• Try it: Where the word "stained" appears in a line below, copy the whole line.

• Exercise materials:
== Segment start ==
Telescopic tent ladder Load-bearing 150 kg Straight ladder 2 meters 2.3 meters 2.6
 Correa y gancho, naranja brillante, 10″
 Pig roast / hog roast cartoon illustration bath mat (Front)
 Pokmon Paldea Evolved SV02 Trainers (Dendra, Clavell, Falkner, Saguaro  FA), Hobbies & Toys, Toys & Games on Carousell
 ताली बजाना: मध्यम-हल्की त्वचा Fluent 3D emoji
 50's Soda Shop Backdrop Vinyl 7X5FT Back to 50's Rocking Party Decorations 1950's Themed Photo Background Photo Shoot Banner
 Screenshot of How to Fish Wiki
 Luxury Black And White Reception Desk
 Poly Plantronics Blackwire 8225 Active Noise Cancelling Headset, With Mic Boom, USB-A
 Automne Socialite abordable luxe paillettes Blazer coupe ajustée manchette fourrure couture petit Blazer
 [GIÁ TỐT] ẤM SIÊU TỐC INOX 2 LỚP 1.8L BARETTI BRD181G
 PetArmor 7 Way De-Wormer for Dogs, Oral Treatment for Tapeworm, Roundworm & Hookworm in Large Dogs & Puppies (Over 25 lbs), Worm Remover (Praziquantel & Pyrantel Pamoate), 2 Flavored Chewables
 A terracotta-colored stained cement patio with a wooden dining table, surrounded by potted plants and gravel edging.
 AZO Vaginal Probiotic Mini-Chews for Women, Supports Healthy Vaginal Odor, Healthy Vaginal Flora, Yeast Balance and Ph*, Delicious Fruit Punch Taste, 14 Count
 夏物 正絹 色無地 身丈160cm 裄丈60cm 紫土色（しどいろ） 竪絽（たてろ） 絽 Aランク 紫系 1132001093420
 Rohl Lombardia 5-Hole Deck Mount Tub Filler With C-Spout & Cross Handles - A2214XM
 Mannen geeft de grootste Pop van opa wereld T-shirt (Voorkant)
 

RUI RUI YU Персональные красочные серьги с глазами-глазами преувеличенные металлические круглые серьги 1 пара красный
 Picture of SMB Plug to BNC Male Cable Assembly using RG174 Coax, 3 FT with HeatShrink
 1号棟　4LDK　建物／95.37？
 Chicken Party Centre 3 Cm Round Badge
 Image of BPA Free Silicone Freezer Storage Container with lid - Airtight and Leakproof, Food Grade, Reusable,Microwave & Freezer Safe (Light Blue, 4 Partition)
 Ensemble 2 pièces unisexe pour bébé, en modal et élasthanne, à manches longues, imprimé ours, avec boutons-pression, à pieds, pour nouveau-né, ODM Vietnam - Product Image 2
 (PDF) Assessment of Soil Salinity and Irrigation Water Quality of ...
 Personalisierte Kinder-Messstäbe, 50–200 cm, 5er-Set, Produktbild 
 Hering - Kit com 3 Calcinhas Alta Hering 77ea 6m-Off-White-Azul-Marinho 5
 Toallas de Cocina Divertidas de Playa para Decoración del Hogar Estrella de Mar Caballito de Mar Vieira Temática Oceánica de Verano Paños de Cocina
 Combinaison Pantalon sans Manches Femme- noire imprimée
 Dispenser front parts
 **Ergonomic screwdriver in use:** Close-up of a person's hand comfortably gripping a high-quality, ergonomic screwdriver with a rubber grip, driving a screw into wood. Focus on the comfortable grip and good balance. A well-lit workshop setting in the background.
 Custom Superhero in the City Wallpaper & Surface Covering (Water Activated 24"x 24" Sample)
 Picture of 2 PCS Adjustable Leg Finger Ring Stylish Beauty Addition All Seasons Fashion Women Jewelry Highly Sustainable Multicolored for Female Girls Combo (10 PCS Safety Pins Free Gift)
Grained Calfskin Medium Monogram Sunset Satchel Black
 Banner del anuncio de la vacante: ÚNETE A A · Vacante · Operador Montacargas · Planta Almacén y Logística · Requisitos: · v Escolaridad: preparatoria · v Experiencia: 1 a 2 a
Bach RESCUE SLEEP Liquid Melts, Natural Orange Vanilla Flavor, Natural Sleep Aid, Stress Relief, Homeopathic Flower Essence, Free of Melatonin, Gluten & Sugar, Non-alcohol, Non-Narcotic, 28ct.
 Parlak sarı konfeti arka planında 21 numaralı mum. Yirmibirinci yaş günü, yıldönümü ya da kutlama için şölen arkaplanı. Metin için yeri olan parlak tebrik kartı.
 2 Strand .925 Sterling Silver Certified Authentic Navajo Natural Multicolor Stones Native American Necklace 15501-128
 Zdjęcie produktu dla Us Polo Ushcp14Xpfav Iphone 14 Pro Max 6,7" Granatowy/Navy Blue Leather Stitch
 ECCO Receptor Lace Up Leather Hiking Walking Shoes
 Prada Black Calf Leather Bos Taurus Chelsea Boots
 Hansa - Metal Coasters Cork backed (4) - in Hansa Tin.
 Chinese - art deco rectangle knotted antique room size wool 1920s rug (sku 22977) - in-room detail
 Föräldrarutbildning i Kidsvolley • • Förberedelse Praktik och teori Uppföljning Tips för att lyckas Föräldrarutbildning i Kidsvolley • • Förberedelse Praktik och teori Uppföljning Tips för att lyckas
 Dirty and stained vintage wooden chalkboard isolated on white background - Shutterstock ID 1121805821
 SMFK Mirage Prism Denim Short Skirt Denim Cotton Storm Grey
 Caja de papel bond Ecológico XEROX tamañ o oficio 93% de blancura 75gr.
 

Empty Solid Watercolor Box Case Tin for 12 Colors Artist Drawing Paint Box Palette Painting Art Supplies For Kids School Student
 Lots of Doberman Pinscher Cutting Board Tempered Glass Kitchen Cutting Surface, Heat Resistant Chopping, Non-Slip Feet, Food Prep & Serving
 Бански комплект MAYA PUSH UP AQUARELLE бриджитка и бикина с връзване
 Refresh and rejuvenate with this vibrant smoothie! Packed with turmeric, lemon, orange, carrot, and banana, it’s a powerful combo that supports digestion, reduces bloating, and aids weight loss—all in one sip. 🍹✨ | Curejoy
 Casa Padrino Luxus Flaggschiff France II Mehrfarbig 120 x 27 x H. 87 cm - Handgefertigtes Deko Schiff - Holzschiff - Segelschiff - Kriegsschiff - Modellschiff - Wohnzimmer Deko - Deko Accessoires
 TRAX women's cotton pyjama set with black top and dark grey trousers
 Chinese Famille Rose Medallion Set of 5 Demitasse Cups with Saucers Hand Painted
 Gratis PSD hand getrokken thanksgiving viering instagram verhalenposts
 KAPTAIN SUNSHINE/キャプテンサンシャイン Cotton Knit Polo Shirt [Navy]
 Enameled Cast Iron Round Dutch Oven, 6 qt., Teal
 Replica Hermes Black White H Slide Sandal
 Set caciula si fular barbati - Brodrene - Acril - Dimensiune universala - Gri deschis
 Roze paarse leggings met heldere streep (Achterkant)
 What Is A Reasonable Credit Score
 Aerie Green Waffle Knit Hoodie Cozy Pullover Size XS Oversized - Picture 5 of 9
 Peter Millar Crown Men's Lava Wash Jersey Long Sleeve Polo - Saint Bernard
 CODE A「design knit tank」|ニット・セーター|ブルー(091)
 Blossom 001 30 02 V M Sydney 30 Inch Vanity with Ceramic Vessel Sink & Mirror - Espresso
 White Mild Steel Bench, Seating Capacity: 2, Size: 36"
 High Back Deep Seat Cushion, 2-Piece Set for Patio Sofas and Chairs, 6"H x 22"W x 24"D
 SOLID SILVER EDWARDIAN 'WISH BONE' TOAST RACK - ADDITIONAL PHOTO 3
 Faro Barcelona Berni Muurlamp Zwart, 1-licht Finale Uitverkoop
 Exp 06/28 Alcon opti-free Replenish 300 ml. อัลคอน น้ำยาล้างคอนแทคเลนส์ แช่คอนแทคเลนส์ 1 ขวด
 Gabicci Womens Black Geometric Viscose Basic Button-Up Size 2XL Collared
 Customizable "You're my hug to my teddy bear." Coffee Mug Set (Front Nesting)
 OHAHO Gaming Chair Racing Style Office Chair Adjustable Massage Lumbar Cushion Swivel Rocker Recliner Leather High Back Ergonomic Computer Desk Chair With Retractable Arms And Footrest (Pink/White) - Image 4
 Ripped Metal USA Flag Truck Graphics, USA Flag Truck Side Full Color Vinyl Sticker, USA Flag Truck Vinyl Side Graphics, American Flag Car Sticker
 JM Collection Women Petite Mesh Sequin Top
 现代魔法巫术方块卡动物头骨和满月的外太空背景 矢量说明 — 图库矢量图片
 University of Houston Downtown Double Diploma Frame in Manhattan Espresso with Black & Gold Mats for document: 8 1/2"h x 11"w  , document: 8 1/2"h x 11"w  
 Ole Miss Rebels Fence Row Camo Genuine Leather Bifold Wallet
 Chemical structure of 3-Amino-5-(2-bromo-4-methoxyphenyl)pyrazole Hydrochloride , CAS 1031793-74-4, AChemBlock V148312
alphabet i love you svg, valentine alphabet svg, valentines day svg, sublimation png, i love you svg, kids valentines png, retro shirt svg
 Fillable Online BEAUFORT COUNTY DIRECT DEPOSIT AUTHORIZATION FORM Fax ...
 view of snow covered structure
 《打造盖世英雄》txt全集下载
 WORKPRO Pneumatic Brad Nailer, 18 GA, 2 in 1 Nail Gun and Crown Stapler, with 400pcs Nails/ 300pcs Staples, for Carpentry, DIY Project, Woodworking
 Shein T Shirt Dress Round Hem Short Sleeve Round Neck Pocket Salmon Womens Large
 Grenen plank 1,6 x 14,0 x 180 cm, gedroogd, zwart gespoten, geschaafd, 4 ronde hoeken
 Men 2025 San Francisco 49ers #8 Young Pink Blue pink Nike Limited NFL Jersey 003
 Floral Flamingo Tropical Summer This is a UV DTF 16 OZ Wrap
== Segment end ==
• Answer for the task:
 A terracotta-colored stained cement patio with a wooden dining table, surrounded by potted plants and gravel edging.
 Dirty and stained vintage wooden chalkboard isolated on white background - Shutterstock ID 1121805821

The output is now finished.